_Work item_.
For the material below, output exactly the span from the line with "Técnico realizando desatasco" to the line with "Latinos ha tagliato", including both, and nothing besides.

_Source material_.

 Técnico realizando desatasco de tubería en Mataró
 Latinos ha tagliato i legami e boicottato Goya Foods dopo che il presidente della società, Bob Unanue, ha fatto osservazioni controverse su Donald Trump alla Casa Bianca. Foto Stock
==
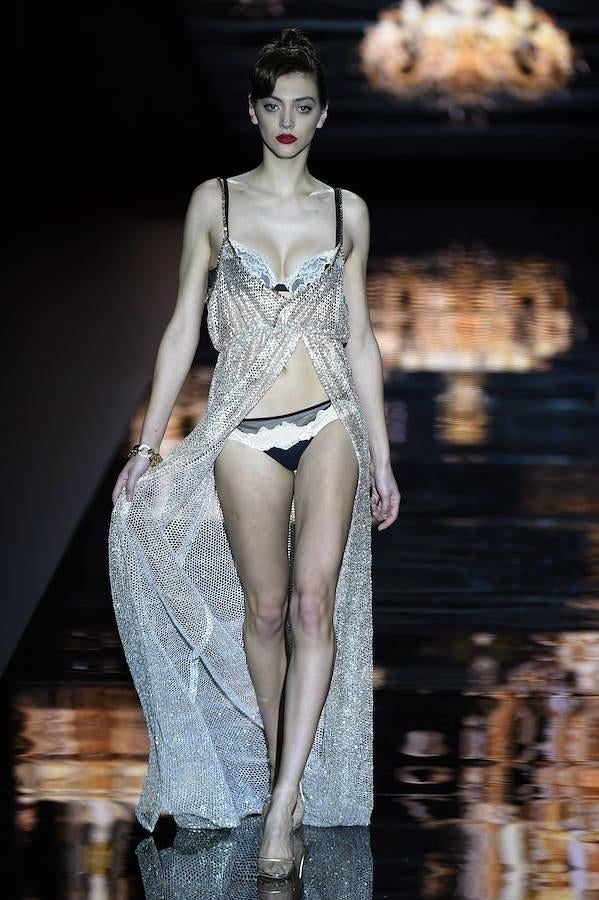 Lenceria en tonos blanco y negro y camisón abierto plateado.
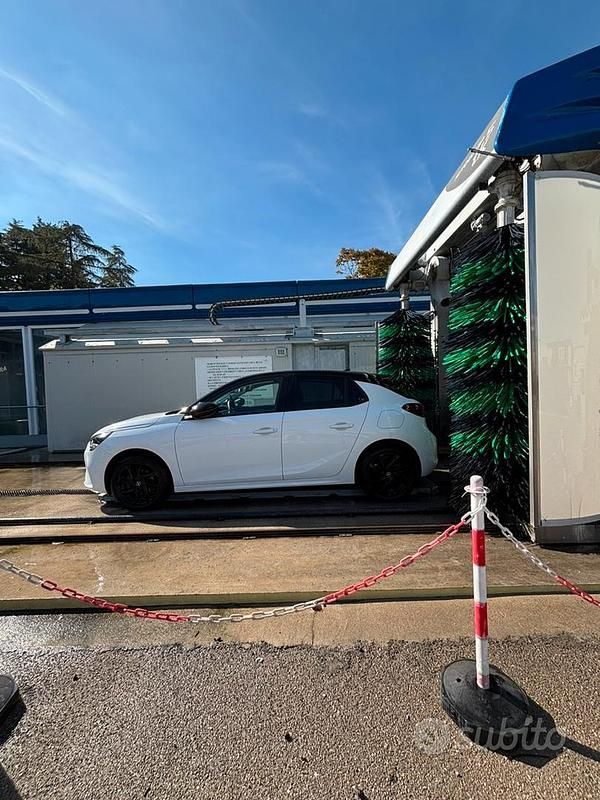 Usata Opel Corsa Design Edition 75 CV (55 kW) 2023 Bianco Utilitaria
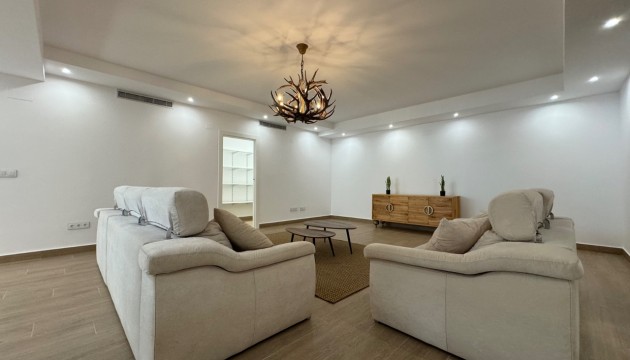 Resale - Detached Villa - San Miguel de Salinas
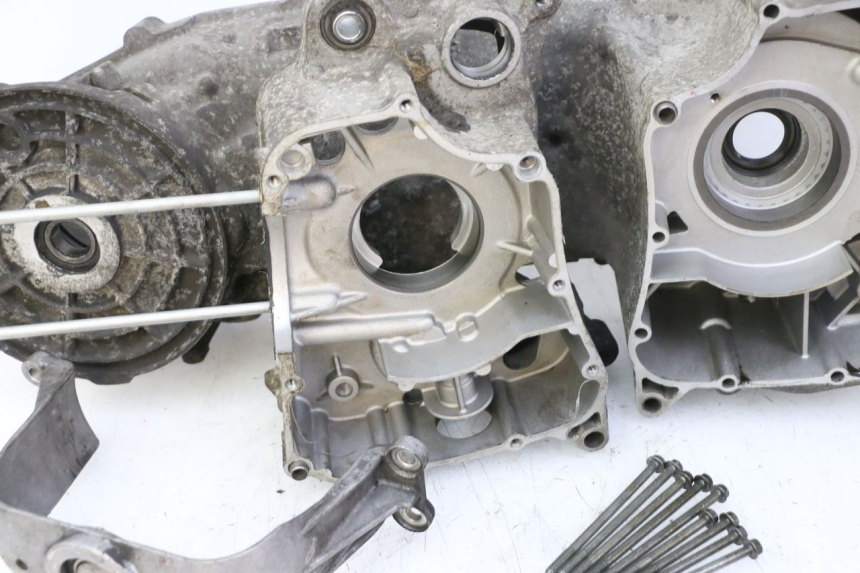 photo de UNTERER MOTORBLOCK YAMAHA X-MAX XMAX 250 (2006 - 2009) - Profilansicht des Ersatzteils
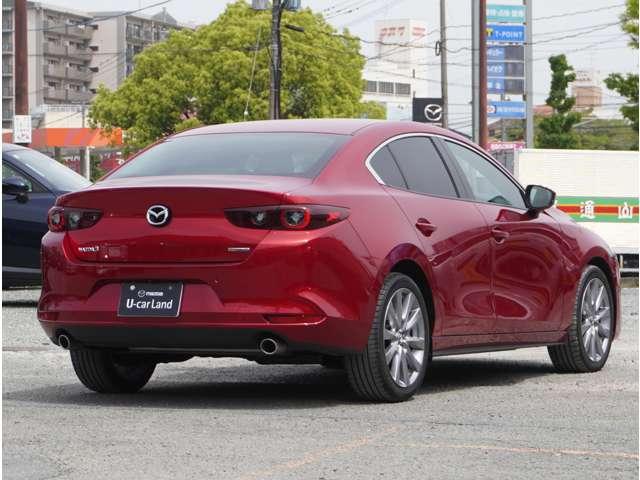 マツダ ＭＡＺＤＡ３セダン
--
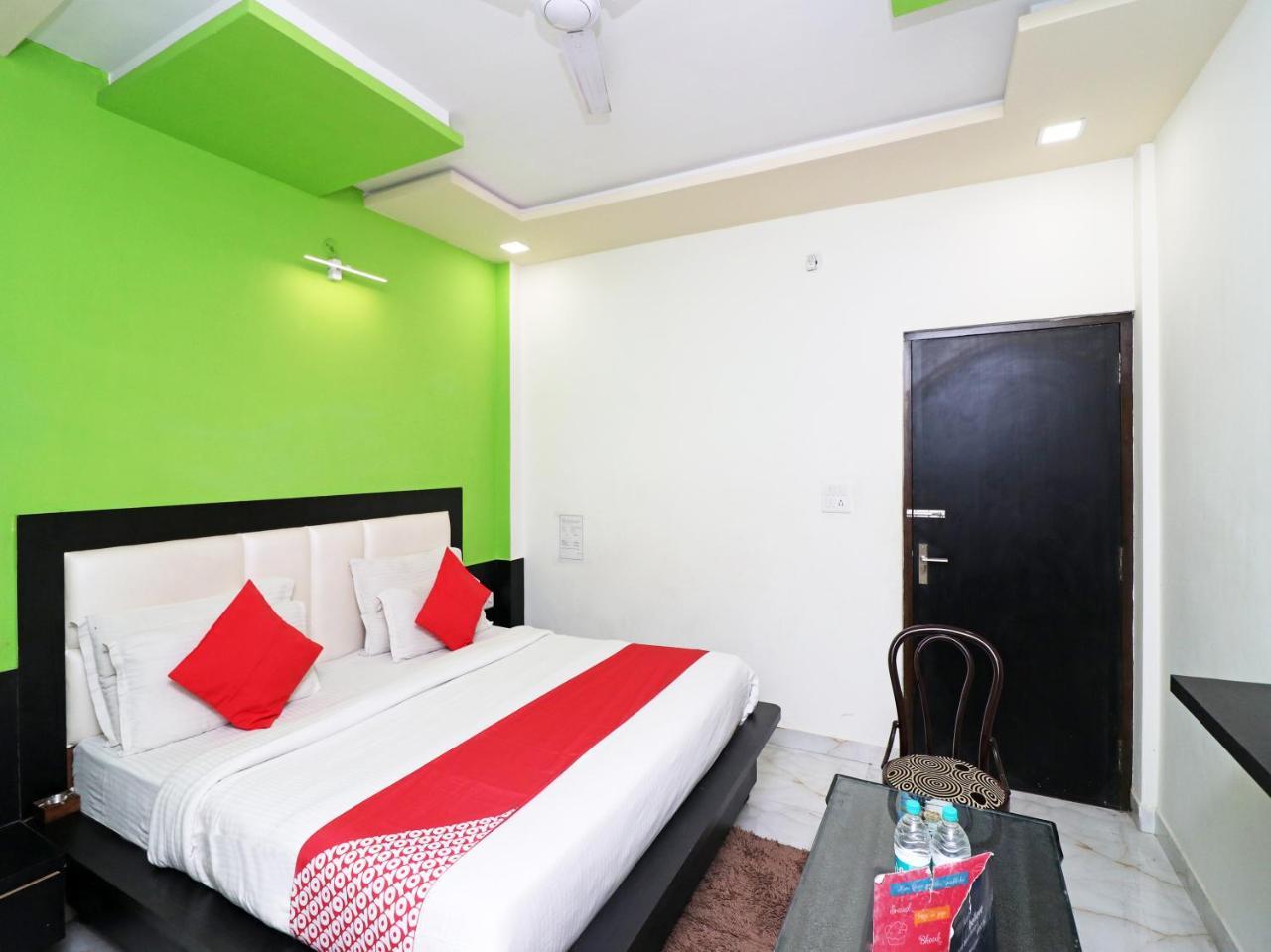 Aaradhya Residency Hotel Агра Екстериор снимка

_Exercise output_.
 Técnico realizando desatasco de tubería en Mataró
 Latinos ha tagliato i legami e boicottato Goya Foods dopo che il presidente della società, Bob Unanue, ha fatto osservazioni controverse su Donald Trump alla Casa Bianca. Foto Stock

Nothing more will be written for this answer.